What’s the best data center stock play right now for investors?
We asked Seeking Alpha analysts Michael Del Monte, Julian Lin, and The J Thesis for their picks.
Michael Del Monte: Broadcom (AVGO) is an appealing data center strategy given its broad reach across custom silicon, networking, and interconnect. AVGO’s partnership with Alphabet (GOOG) (GOOGL) may drive substantial growth, particularly as AI developers lean into leveraging its TPUs for model development. Intel (INTC) is also an appealing data center strategy given its announced partnership with Nvidia (NVDA) for developing a series of custom CPU chips to integrate directly into NVLink.

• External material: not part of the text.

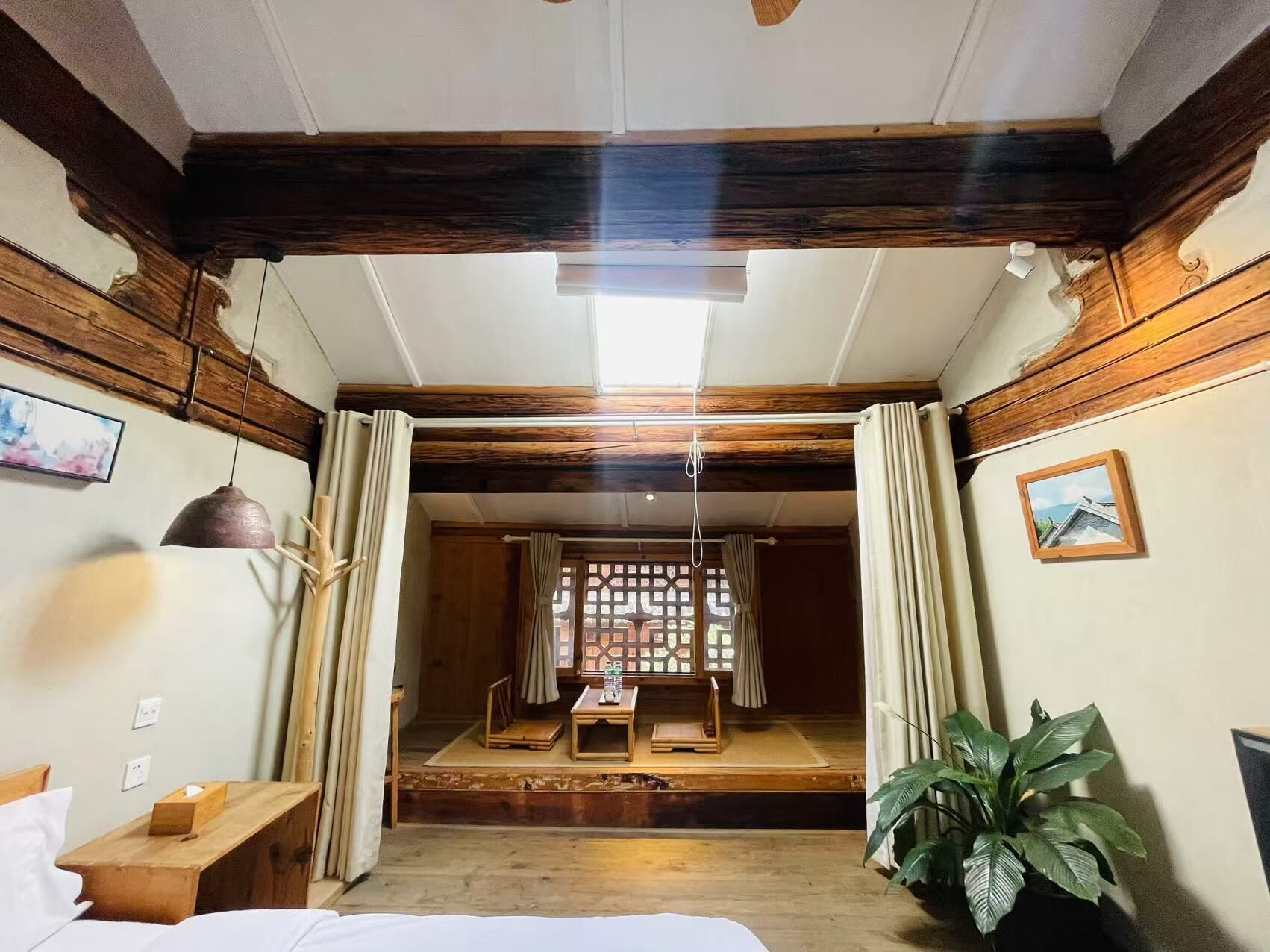 Una habitación tradicional japonesa con suelo de tatami, un celosía de papel shoji y una plataforma de madera baja.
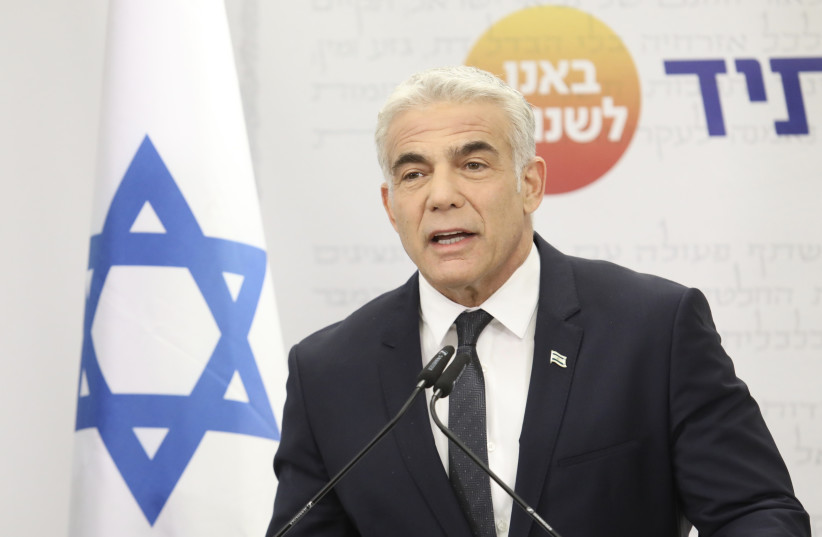  Foreign Minister and Yesh Atid head Yair Lapid at his faction's meeting, December 13, 2021. (credit: MARC ISRAEL SELLEM/THE JERUSALEM POST)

In terms of IT infrastructure, Hewlett Packard Enterprise (HPE) presents an appealing case for sovereign data center development with HPE GreenLake Cloud, a private cloud offering that leverages HPE’s infrastructure and networking solutions. HPE’s recent acquisition of Juniper provides a full-stack data solution that may enhance its opportunity with sovereign data center development.
For a differentiated data center strategy, investors may consider Nucor (NUE) and Sanmina (SANM). SANM recently acquired the manufacturing component of ZT Systems from Advanced Micro Devices (AMD) while securing a partnership for providing rack-scale solutions for AMD’s next-generation chips. NUE entered the data center server rack and cabinet solutions business nearly two years ago through the acquisition of Southwest Data Products, expanding its offerings for data center development beyond structural steel.
For associated infrastructure, I believe components for power distribution will be a big winner in the space, such as Hubbell (HUBB).
Julian Lin: Nvidia (NVDA) is my top AI data center pick. It definitely is one of the more obvious names, but I’ve learned not to discriminate based on that.
NVDA management has indicated that the shift to agentic AI represents yet another leg up in growth. The valuation looks quite reasonable given the disconnect between the stock price performance and the underlying growth over the last year. The company has shown an uncanny ability to surprise to the upside, and I expect the good times to roll.
The J Thesis: I think Nebius (NBIS) may be the best AI data center play at the moment. The industry pioneer is exposed to explosive demand, supported by more than $3 billion in contracts from leading hyperscale companies such as Microsoft (MSFT), Meta (META), and Uber (UBER).
The company is rapidly scaling with a projected 900 MW in connected power by FY2026. Last quarter, management indicated that all available capacity had been sold out, representing strong momentum in demand. The core AI infrastructure revenue surged at a triple-digit rate, alongside improving margins and fundamentals. This argues for excellent execution and consistency in performance, which remains crucial in pioneering the AI revolution.
One could argue that it’s not worth overcomplicating; thus, focus on going forward with Nvidia (NVDA), but that trade has a concentration risk. I also like CoreWeave (CRWV), but it comes with execution and backlog conversion risks, and based on the recent supply delay, investor confidence may be suppressed in the short term.
Nebius (NBIS) is positioning itself to dominate the AI HPC space over the following quarters. At the current price tag, NBIS appears to be cheap, and if 500% forward revenue growth materializes over the next 12 to 15 months, it may be one of the most compelling AI data center plays you may consider today.